12. The method of claim 10, wherein the step of determining a second loss value based on the training scene score and the training prior knowledge for each scene dimension comprises:

determining a scene loss value under each scene dimension according to the training scene score under each scene dimension and training priori knowledge under the corresponding scene dimension;

and determining a second loss value according to the scene loss value under each scene dimension.

13. A label generation apparatus, comprising:

the recognition module is used for recognizing and processing the dialogue audio data to obtain a plurality of scene dimensions, dialogue text data under each scene dimension and answer text data under each scene dimension, wherein the plurality of scene dimensions, the dialogue text data under each scene dimension and the answer text data are related to the dialogue audio data;

a second determining module, configured to determine, according to the dialog text data, the answer text data, and the prior knowledge in each scene dimension, a second classification result of the target object in the preset scale dimension;

14. A label generation apparatus, comprising:

and the updating module is used for updating the training parameters in the initial classification label generation model according to the total loss value until the total loss value meets a preset condition so as to obtain the trained classification label generation model.
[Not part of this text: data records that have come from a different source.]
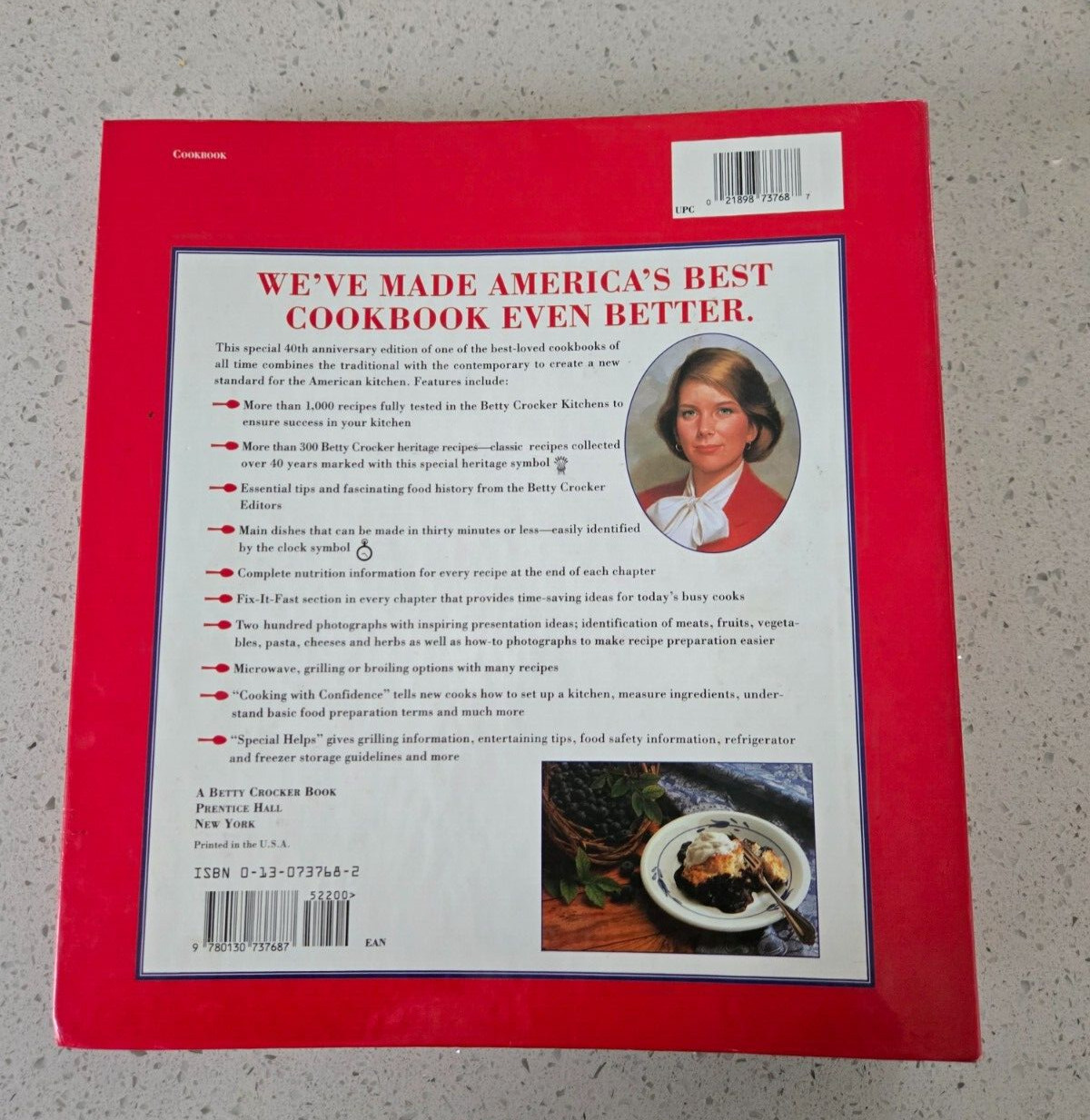 Betty Crocker&rsquo;s 40th Anniversary Edition Cookbook – 1991 – 432 pages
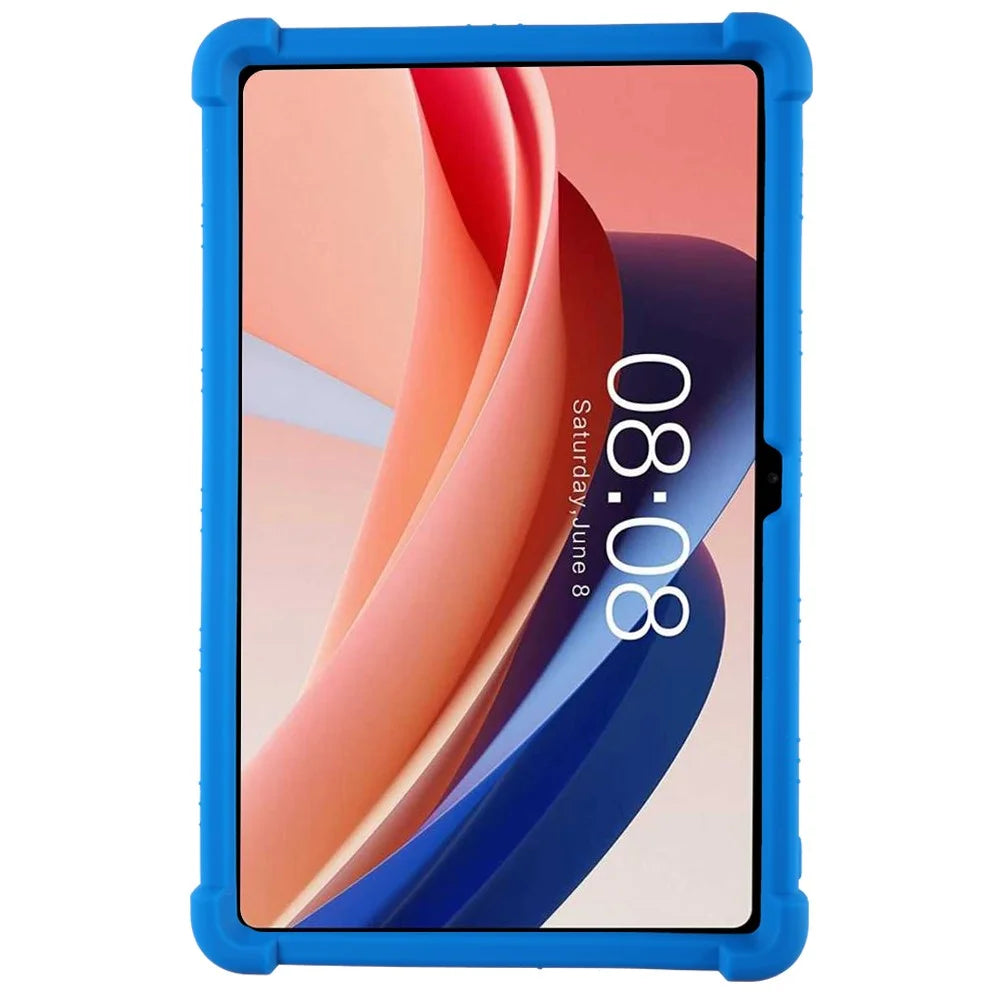 For Teclast T50 Pro Protective Cover Silicone Tablet Case Multiple Viewing Kickstand - Dark Blue - 2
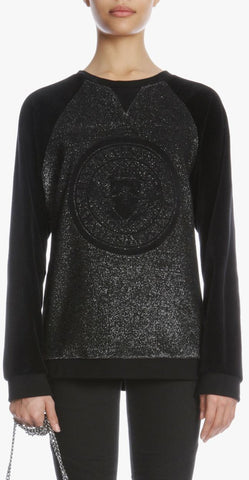 Sweatshirt with Logo Medallion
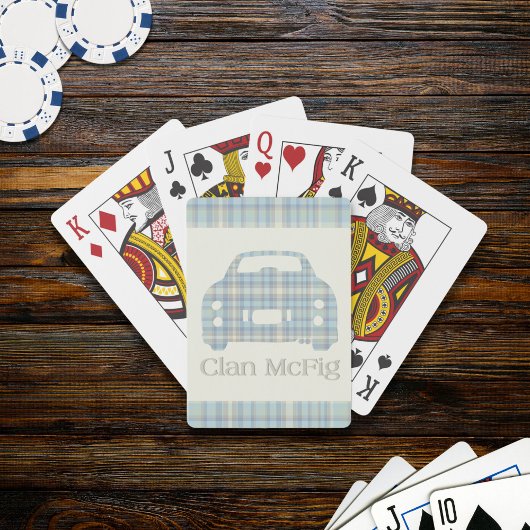 Tartan Clan McFig Figarations speelkaarten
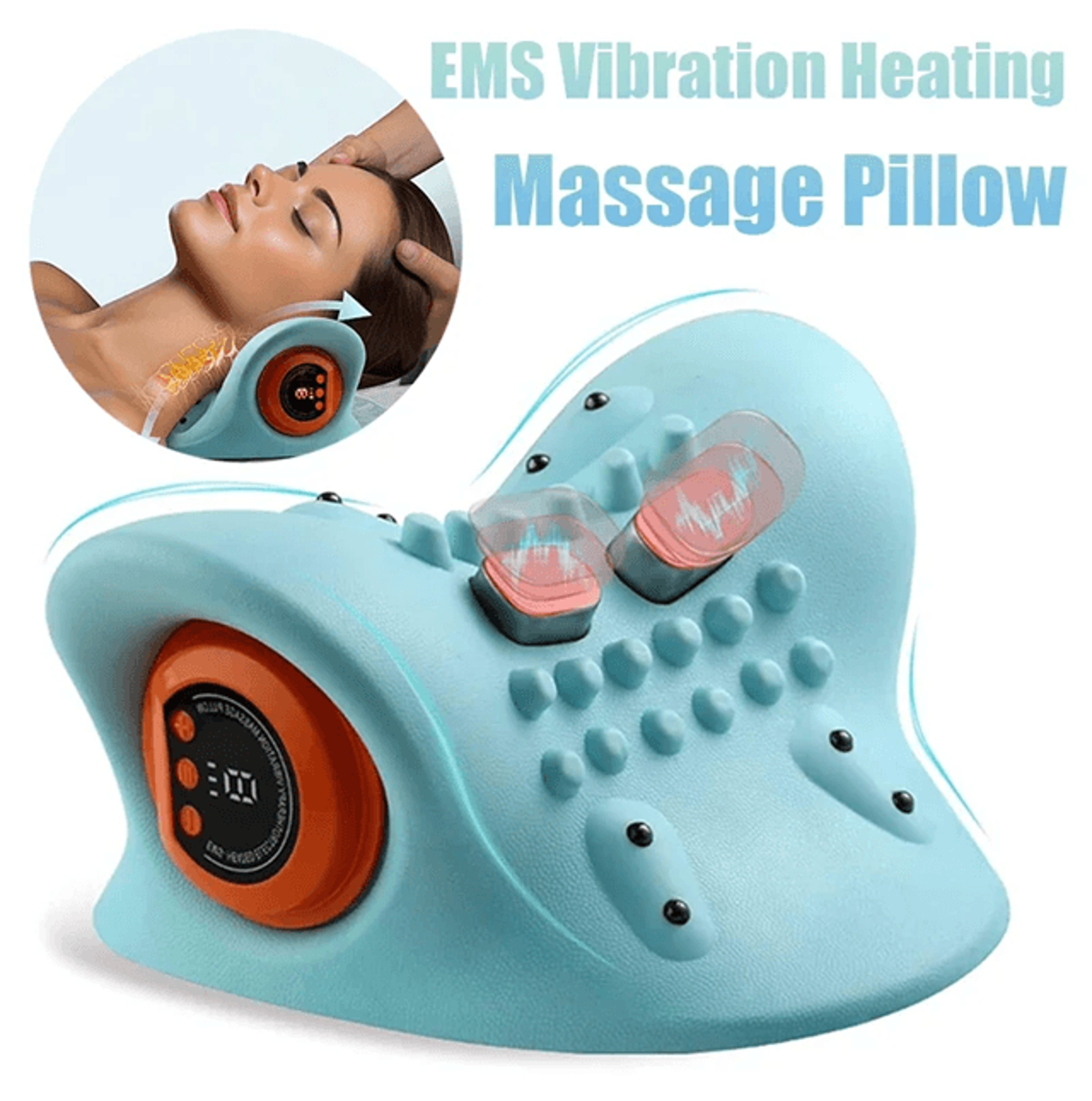 neckalign electric cervical massager and traction pillow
15. A computer-readable storage medium, characterized in that it stores a computer program adapted to be loaded by a processor for performing the steps of the label generation method according to any one of claims 1-12.

16. A computer device, characterized in that the computer device comprises a memory in which a computer program is stored and a processor which performs the steps in the label generation method according to any one of claims 1-12 by calling the computer program stored in the memory.